Why you should never use an incorporation company to set up your organisation
Incorporation is the process of a business registering as limited company. This means the company becomes its own legal entity with a separate identity to those who own or run it.
The process of setting up a new company can be a daunting prospect, especially if this is the first time you have needed to do it. The process can feel intimidating, and the language used a bit alien so the option to pay an ‘expert’ to do the work for you can be very tempting, after all, they do it day and day out so they must be the best choice right? Here’s why that is not always true.
The problem with incorporation companies
Engaging a third-party incorporation company to carry out the incorporation process can seem like the quickest and easiest route to setting up a company, however, thought needs to be given to whether this is the best solution for your business over the longer term.
An incorporation company, whilst familiar with the process to incorporate a legal entity, is not familiar with your business and therefore may not be in a position to put in place appropriate constitutional documents or set up the appropriate share capital structure for your business.
The rule book of the company
A company’s articles of association are the rule book which governs how a company is run. Using an incorporation company will often involve adopting the “model” articles of association, as prescribed by the Companies Act 2006, for the new entity, however this may not be in line with the way you or your shareholders wish the company to be run. For example, the model articles state a minimum quorum of two for a directors meeting. You may feel this is insufficient and should be higher. Articles of association can be amended after incorporation, but this would require shareholder approval which can be complicated depending on the nature of your shareholder base. Adopting the most appropriate articles from the outset can save this trouble.

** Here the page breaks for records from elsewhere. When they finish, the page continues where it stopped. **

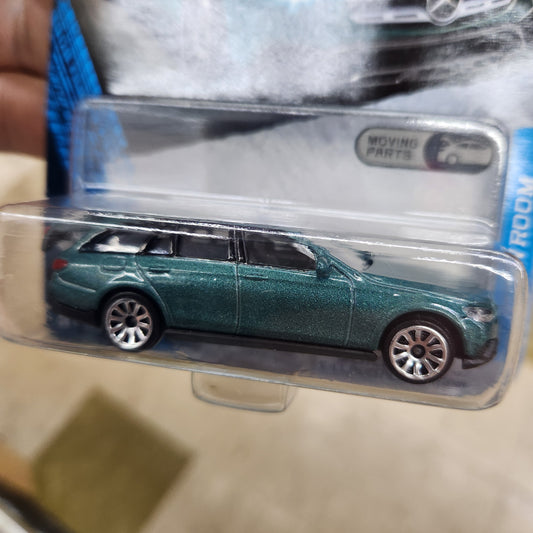 Majorette - Showroom Series Premium Cars - Mercedes-Benz E-Class All Terrain (Cascade Green)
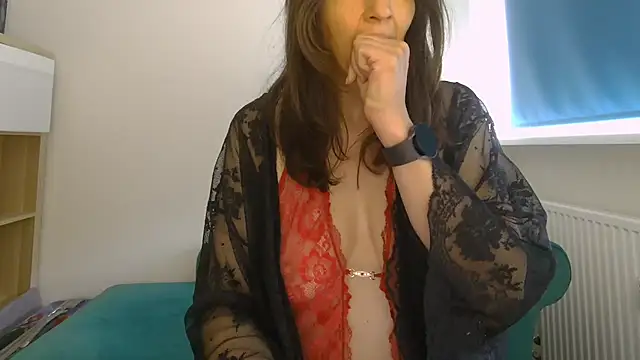 Ella_Next_Door Show in webcam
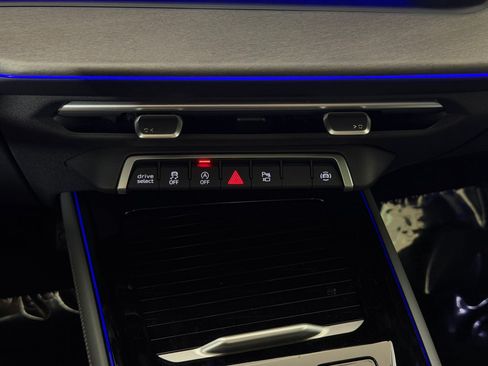 New 2026 Audi Q3 quattro 2.0T AWD/4WD image 17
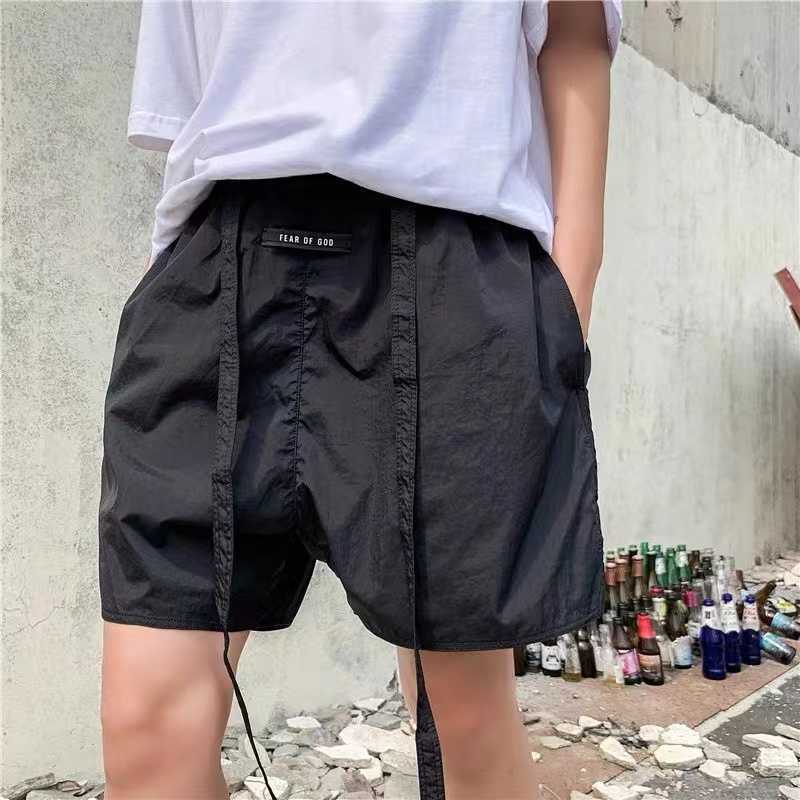 Ess Designer Short Fashion Casual Clothing Fears of God Fog Season 6 Strap Beach Shorts Capris Couple Relaxed Sports Quick Dry Basketball Pants Mens Womens's Trend, Black
Ess Designer Short Fashion Casual Clothing Fears of God Fog Season 6 Strap Beach Shorts Capris Couple Relaxed Sports Quick Dry Basketball Pants Mens Womens's Trend, Black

Scaling the wrong structure
Equally, it is common for a company to be incorporated with a simple issued share capital such as 1 ordinary share with a nominal value of £1, this may be sufficient for a simple entity but not appropriate for an active, trading entity or a company wishing to raise additional funds through the issue of shares. The capital structure required may need to be more complex and may need to include multiple share classes with varying rights attached to them. A company’s capital structure establishes the level of control a shareholder has over the company, the percentage of the profits they can receive and the amount they would be eligible for should the company go into liquidation. A shareholder’s liability to contribute to the company is limited to the nominal value of their shares. For these reasons it is important that a company’s capital structure is sufficient from the start. The directors are required to ‘maintain’ the company’s share capital, and although a company can alter its share capital the process can be complex and its often beneficial to seek professional advice in advance.
Finally, an incorporation company is unlikely to be familiar with the ongoing legal requirements of running your company. When incorporating a company, it is vital to know what happens next and familiarise yourself with things such as, the annual reporting requirements and which changes to your business you are required to notify to the company registrar. By undertaking the incorporation process in house you will likely gain a better understanding of the registrars’ system with which these filings can be made and key dates, such as the date of incorporation, on which annual filings such as accounts and confirmation statements are based on.

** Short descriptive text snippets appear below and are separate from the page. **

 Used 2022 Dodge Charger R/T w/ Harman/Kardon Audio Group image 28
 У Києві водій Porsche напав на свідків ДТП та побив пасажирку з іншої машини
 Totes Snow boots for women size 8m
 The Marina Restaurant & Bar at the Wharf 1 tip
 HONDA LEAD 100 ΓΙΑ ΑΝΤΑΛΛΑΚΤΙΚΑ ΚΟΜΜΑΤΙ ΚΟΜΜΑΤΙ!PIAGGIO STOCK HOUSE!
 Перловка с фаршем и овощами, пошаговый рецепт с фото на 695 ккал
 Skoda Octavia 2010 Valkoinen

In conclusion, by cutting out the middleman you retain complete control over the structure of your entity and remove the unnecessary additional costs associated with engaging a third-party company. You can also reduce the risk of having to make any changes which may arise due to the incorporation companies lack of specific knowledge of your business.
So what should you do?
• Do it yourself. Companies House is digital and accessible and there’s lots of advice on the Companies House website.
• If you get stuck, talk to an expert, governance advisory exists.